Upgrading from Kfuse version 1.2.1 or earlier

Pre-Upgrade

  • Advance monitoring is available as an optional component in 1.3 and later releases. To enable:

    • Knight agent is required to be installed. Please review steps/settings here.

    • Additional agent settings required. Please review settings here.

  • Starting Kfuse version 1.3.0, Kfuse has added retention support using Pinot Minion framework. This feature requires changes to the existing Pinot Minion statefulset. The statefulset needs to be deleted prior to upgrade.

kubectl delete sts -n kfuse pinot-minion
  • Existing alerts have to be updated with new, efficient version. Please follow these steps to refresh the alerts.

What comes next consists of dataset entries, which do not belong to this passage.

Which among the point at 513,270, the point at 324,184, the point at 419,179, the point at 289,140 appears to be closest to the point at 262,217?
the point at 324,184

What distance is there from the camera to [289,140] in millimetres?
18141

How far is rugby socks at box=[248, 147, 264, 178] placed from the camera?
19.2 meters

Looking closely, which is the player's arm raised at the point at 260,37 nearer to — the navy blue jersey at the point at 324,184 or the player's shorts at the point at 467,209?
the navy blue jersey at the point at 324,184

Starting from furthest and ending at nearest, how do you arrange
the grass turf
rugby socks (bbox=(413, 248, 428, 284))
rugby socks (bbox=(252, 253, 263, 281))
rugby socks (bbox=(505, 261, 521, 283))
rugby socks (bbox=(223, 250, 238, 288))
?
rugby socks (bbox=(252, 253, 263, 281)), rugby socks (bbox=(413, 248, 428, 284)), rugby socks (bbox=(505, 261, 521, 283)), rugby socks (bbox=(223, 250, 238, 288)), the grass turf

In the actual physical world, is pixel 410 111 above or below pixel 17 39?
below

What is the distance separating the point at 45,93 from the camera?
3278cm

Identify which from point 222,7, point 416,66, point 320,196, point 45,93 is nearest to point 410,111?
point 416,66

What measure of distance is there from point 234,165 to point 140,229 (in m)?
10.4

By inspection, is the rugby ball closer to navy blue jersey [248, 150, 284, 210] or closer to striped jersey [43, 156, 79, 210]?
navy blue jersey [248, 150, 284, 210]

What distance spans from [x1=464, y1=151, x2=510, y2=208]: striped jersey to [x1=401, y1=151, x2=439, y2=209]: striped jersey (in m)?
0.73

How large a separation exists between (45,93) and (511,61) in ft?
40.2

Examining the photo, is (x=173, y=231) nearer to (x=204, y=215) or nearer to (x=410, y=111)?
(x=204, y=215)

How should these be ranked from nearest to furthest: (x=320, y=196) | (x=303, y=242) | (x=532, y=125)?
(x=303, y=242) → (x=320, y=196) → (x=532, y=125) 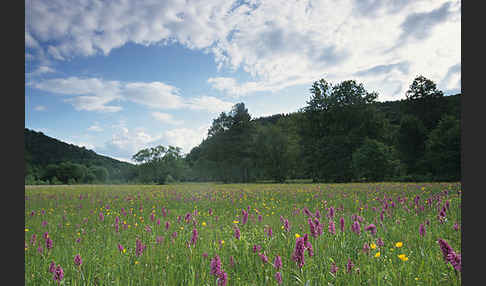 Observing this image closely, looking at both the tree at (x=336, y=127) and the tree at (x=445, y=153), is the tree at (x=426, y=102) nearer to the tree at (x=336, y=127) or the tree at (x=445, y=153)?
the tree at (x=336, y=127)

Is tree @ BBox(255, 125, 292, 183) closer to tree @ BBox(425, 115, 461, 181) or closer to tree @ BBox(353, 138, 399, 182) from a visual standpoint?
tree @ BBox(353, 138, 399, 182)

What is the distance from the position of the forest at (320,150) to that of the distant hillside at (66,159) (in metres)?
0.14

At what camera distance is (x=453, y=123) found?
94.4ft

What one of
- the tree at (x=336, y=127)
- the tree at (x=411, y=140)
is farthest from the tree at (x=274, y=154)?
the tree at (x=411, y=140)

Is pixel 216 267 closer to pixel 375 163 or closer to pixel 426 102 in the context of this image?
pixel 375 163

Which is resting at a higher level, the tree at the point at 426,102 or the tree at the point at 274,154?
the tree at the point at 426,102

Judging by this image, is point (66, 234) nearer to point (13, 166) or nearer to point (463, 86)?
point (13, 166)

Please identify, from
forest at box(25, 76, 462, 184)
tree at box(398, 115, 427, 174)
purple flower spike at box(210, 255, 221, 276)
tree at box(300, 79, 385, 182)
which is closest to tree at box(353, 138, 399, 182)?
forest at box(25, 76, 462, 184)

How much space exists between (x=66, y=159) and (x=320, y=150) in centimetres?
3986

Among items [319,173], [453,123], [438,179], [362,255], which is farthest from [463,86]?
[319,173]

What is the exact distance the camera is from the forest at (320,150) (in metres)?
31.4

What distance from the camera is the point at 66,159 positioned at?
3547cm

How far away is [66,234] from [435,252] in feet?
22.5

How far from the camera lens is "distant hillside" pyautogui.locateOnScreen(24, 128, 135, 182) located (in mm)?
28683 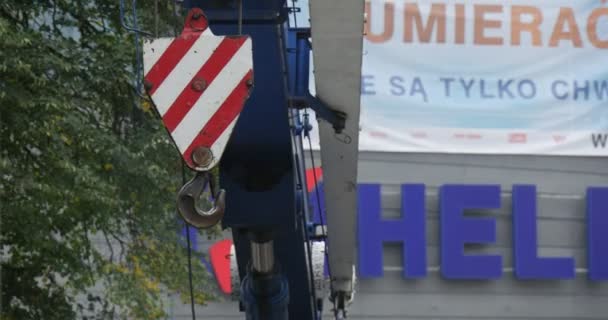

    • Go to Kloudfuse UI → Alerts → Alert Rules

    • Using the filter panel on the left, expand “Component” item, and filter all the “Kloudfuse” and “Kubernetes” alerts to include only these. Remove each of these alerts from the filtered list. (post upgrade the new alerts will be installed automatically)

Upgrading from Kfuse version 1.1.1 or earlier

Cloud-Specific configurations

Starting Kfuse version 1.2.0, cloud-specific yamls (aws.yaml, gcp.yaml, azure.yaml) are not included in the chart anymore. The custom_values.yaml needs to include these configurations. Refer to Configure Cloud-Specific Helm Values and https://kloudfuse.atlassian.net/wiki/spaces/EX/pages/793378845. With Kfuse version 1.2.0, there is no need to pull the chart prior to installation. helm upgrade can be directly run with the Kfuse helm chart registry.

Database changes

A breaking change related to the number of postgresql servers installed as part of the Kfuse install was introduced after Kfuse version 1.1.0. Due to this, the stored alerts will be deleted if directly upgrading Kfuse. In order to retain the stored alerts, run the following pre and post upgrade steps below. Note that until the post-upgrade steps are executed, alerts & dashboards from pre-upgrade will not show up.

Pre-Upgrade

kubectl exec -n kfuse alerts-postgresql-0 --  bash -c 'PGPASSWORD=$POSTGRES_PASSWORD pg_dump -U postgres -F c alertsdb' > alertsdb.tar

 

Post-Upgrade

kubectl cp -n kfuse alertsdb.tar kfuse-configdb-0:/tmp/alertsdb.tar
kubectl exec -n kfuse kfuse-configdb-0 --  bash -c 'PGPASSWORD=$POSTGRES_PASSWORD pg_restore -U postgres -Fc --clean --if-exists -d alertsdb < /tmp/alertsdb.tar'
kubectl delete pvc -n kfuse data-alerts-postgresql-0
kubectl delete pvc -n kfuse data-beffe-postgresql-0
kubectl delete pvc -n kfuse data-fpdb-postgresql-0

Upgrading from Kfuse version 1.0.4 or earlier

The Kfuse StorageClass resources need to be deleted prior to upgrade.

To check the current installed Kfuse version, run the following command:

helm list

To delete the storage class:

kubectl delete storageclass kfuse-ssd-aws kfuse-ssd-aws-gp3 kfuse-ssd-gcp

Otherwise, to upgrade just follow the install instructions as is.